土器は、右大臣を務めた藤原良相(よしみ)(813〜67)邸跡で昨年11月に出土。
庭の池(20メートル四方)に張り出した「釣殿(つりどの)」とみられる建物跡の周囲から、
9世紀半ばから後半にかけての特徴を持つ皿や高坏(たかつき)など墨書土器の破片約90点が見つかり、
うち20点で計約150字の平仮名が書かれているのを確認した。
平安京跡でこれほど平仮名の墨書がまとまって見つかるのは初めて。筆跡などから複数の人物が記したとみられる。

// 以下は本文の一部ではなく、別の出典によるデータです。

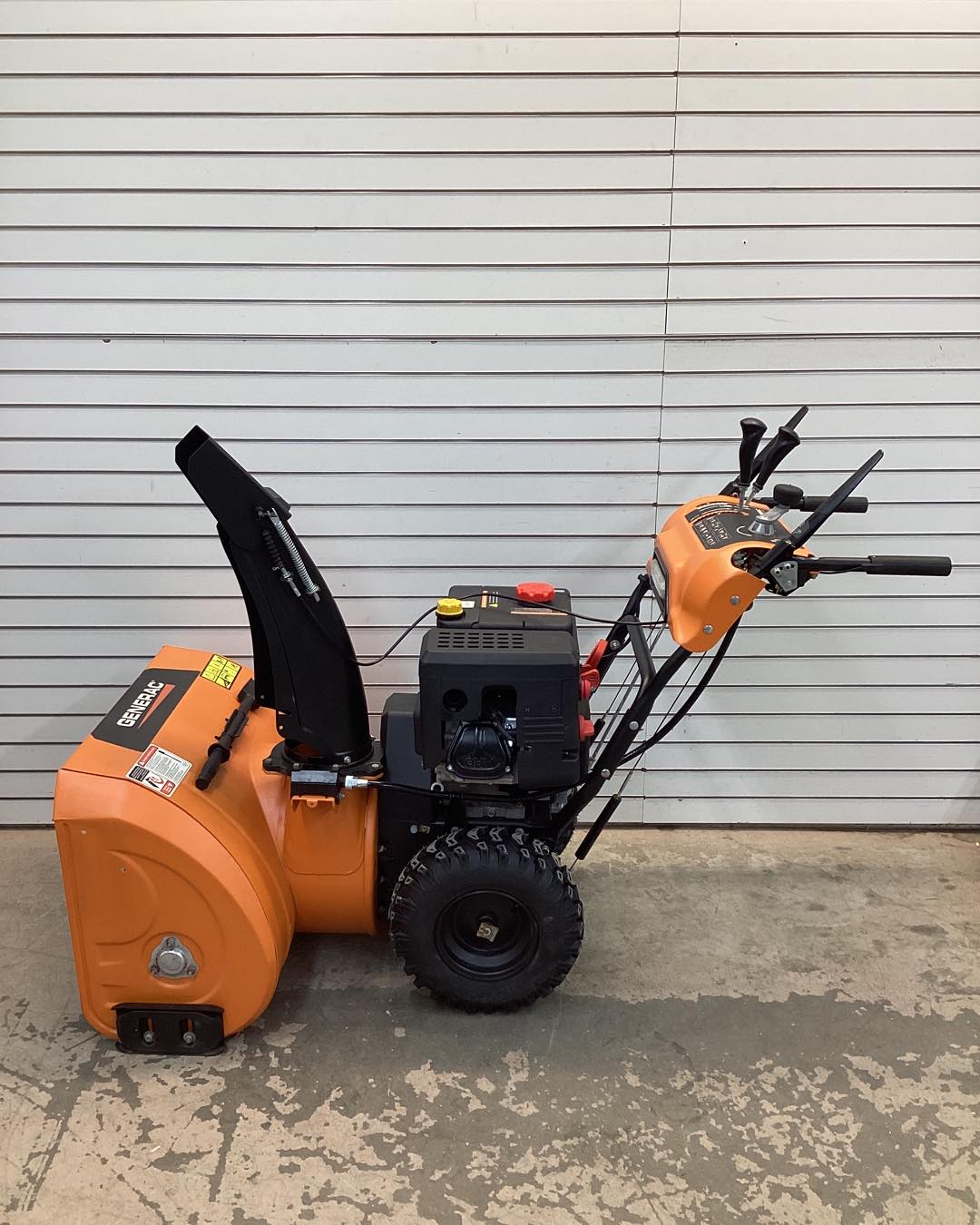Generac GC3000 30" 2-Stage Snowblower 375cc Engine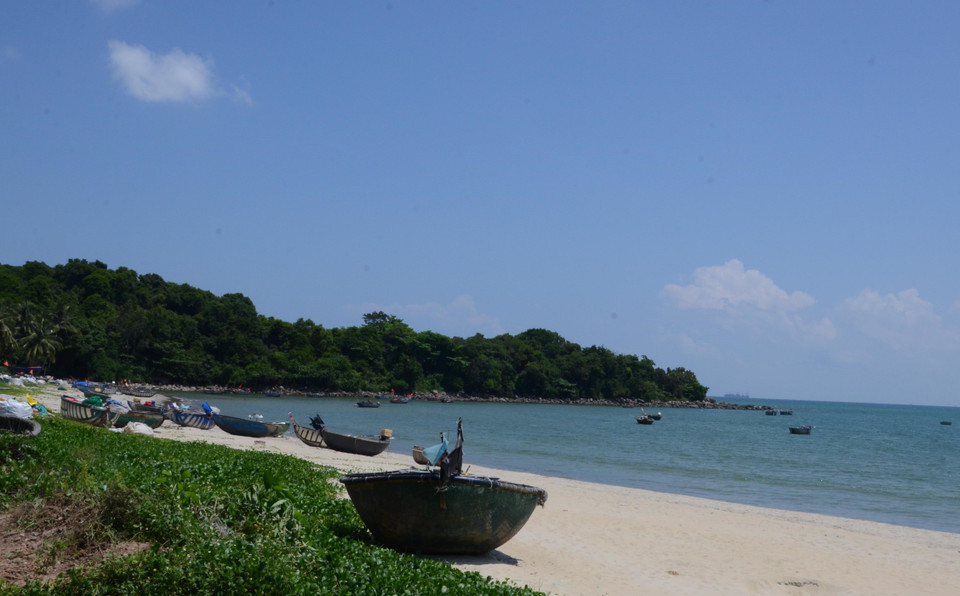 Rạng Nam Ô (mũi Hạc) tương truyền là nơi Huyền Trân công chúa dừng chân trước khi lên thuyền hồi hương, xưa nay vẫn được dân làng gìn giữ như một khu rừng thiêng. (Ảnh: Quốc Dũng/TTXVN)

文字列の多くは意味が不明だが、鑑定した西山良平・京都大教授(歴史学)によると、
皿の裏にある「ひとにくしとお□はれ」は「人憎しと思われ」と読めるという。別の皿には、歌の一節とみられる「かつらきへ(葛城へ)」の文字もあった。
高坏にある「なかつせ」という墨書は、日本書紀の伊耶那岐命(いざなぎのみこと)のみそぎの場面に登場する「中つ瀬」を表すとみられる。
土器片が出土した邸宅跡に住んでいた藤原良相は天皇の外戚(がいせき)で、文学や仏教に通じていた人物。
周辺は「百花亭(ひゃっかてい)」と呼ばれる桜の名所で、天皇や貴族が歌会を催したという。
当時は饗宴(きょうえん)の場で土器に歌を書く作法もあったとされる。
佐野宏・京都大准教授(日本語史)は「『ひとにくしとお□はれ(人憎しと思われ)』には『うっとうしくもあるが、かわいらしい』という意味がある。
貴族が宴席で、楽しんで書いたように思える」と話している。
土器は30日〜12月16日、京都市上京区の市考古資料館(075・432・3245)で公開される。